The Louvre has teamed up with a prestigious Parisian perfume company to create scents inspired by eight of its most famous works of art. They range from Venus de Milo to a bathing odalisque by Ingres.
Shortly after debuting its Airbnb partnership this spring, which included a competition to spend a romantic night at the museum, the world’s most-visited museum has come up with yet another creative collaboration that seeks to find new ways to draw audiences into its halls.
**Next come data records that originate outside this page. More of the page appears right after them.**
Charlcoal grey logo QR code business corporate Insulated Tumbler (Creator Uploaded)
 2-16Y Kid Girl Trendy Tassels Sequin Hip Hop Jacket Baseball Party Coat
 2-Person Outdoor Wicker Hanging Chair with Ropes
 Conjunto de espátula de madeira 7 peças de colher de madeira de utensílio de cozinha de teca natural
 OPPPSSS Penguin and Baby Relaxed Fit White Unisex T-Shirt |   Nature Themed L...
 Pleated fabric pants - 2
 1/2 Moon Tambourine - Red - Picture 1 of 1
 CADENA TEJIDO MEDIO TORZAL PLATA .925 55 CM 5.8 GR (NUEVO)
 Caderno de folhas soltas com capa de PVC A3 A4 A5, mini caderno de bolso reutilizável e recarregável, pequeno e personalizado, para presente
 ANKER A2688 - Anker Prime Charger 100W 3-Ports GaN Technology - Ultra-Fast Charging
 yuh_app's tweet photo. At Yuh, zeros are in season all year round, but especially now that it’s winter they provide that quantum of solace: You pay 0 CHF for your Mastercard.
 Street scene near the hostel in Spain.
Ramdane Touhami and Victoire de Taillac, who co-created the French perfume company Officine Universelle Buly five years ago, jumped at the chance to manage the project as soon as they got the call from the Louvre. The duo has chosen eight perfumers for the highly specialized task. Each was given carte blanche, with no limits in terms of cost or scent profiles. They also got to choose their own works in the Louvre’s collection.
So, if you have ever wondered what the Louvre’s Winged Victory of Samothrace would smell like, you will soon be able to find out what at least one fragrance expert thinks. The iconic Nike smells like delicate, white tuberose flowers mixed with woody myrrh. Her scent, and the seven others, are launching on July 3.
The perfumers selected La Baigneuse and Grande Odalisque, both by French Neoclassical painter Jean-Auguste-Dominique Ingres, as well as Thomas Gainsborough’s Conversation in a Park, Jean-Honoré’s The Lock, and Georges de La Tour’s religious painting Joseph the Carpenter.
Besides the winged statue and Venus de Milo in the Louvre’s sculpture collection, the perfumers chose Lorenzo Bartolini’s Nymph with Scorpion. All the scents will go on sale in a shop near the Louvre from next week, through January 2020.
Among the perfumers who worked on the project is Dorothée Piot of Robertet, a Grasse-based perfume company. Piot chose the painting by Gainsborough. “I wanted a fresh, delicate work, an outdoor, bucolic scene. I loved the candor and grace of the characters. To design my perfume, I thought of freshly hatched rose petals in a green setting,” she told AFP.
Another scent expert, Daniela Andrier, says Ingres’s La Baigneuse was an obvious choice. Andrier explained: “With her tender and milky skin, the water running, the linen on which she sits… I immediately thought of orange blossom, neroli, lavender, a rather modest accord evoking the sheets that have dried in the sun.” Andrier describes herself as a “translator” of Ingres’s work. “I see perfumers as translators, capable of transforming a color, light or texture into a note. Thus the green velvet curtain, on the left, evoked to me the absolute of lavender, rich and dark,” she said.